:: WHAT YOU ARE ASKED TO DO ::
Strip the pictures and reproduce the rest of the listing exactly.

:: INFORMATION PROVIDED ::
····················

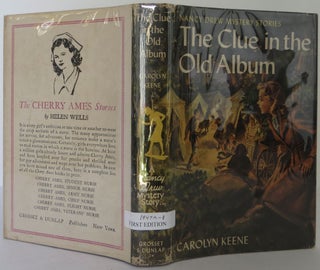 Item #2306109 The Clue in the Old Album. Carolyn Keene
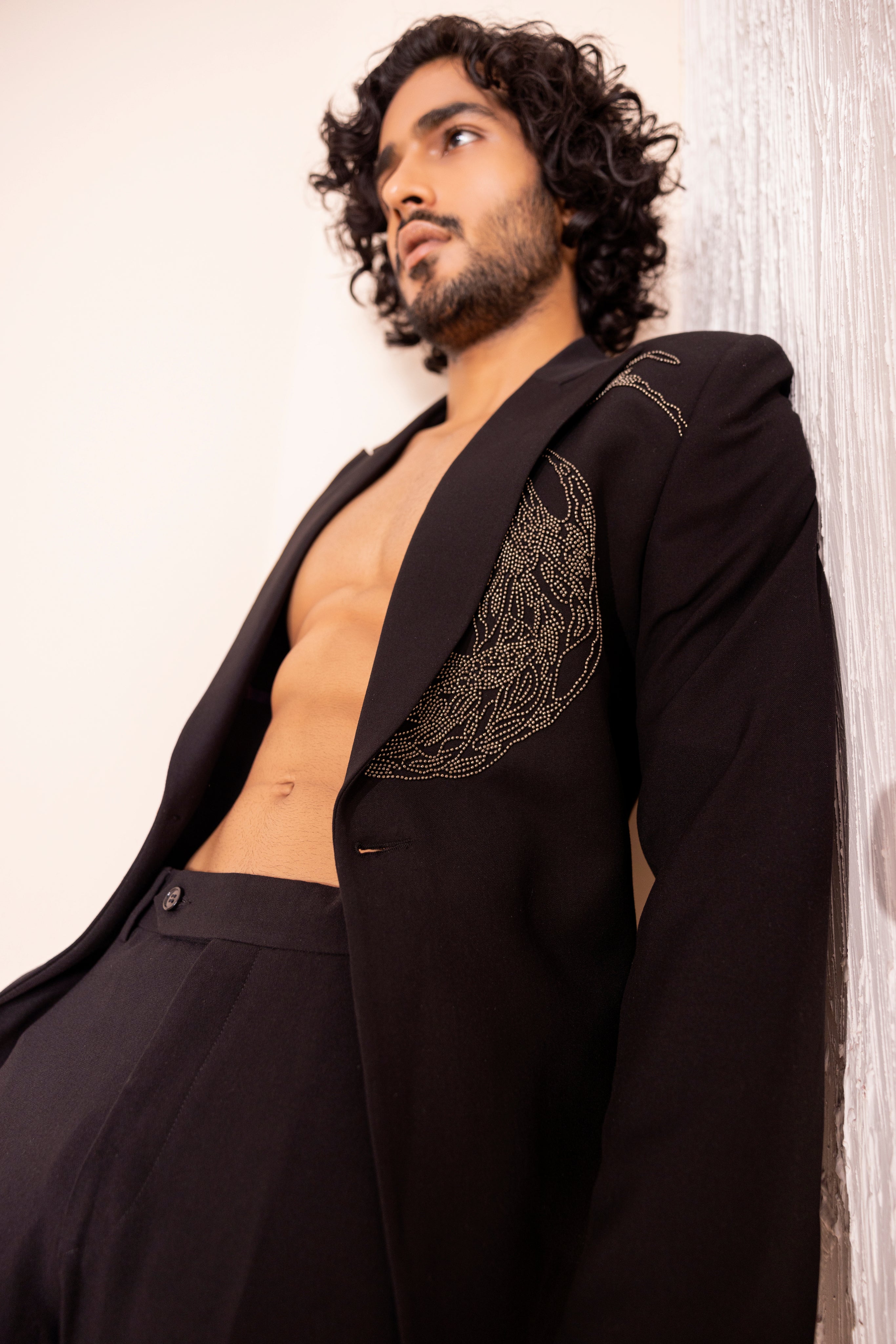 Hand embroidered metal work coat paired with matching pants.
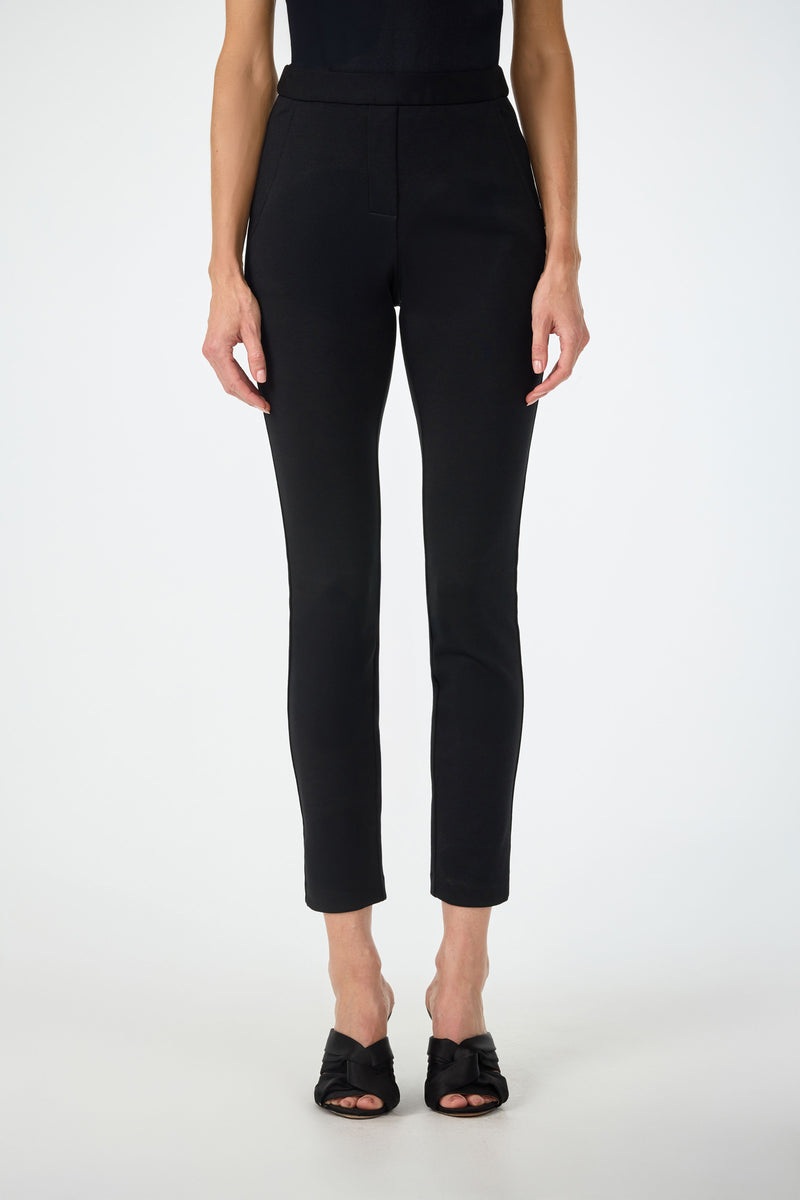 A person models the Honey Straight Leg Pants in black with black heeled sandals, standing against a plain white background. Only the lower torso and legs are visible.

····················

:: RESULT ::
 Item #2306109 The Clue in the Old Album. Carolyn Keene
 Hand embroidered metal work coat paired with matching pants.
 A person models the Honey Straight Leg Pants in black with black heeled sandals, standing against a plain white background. Only the lower torso and legs are visible.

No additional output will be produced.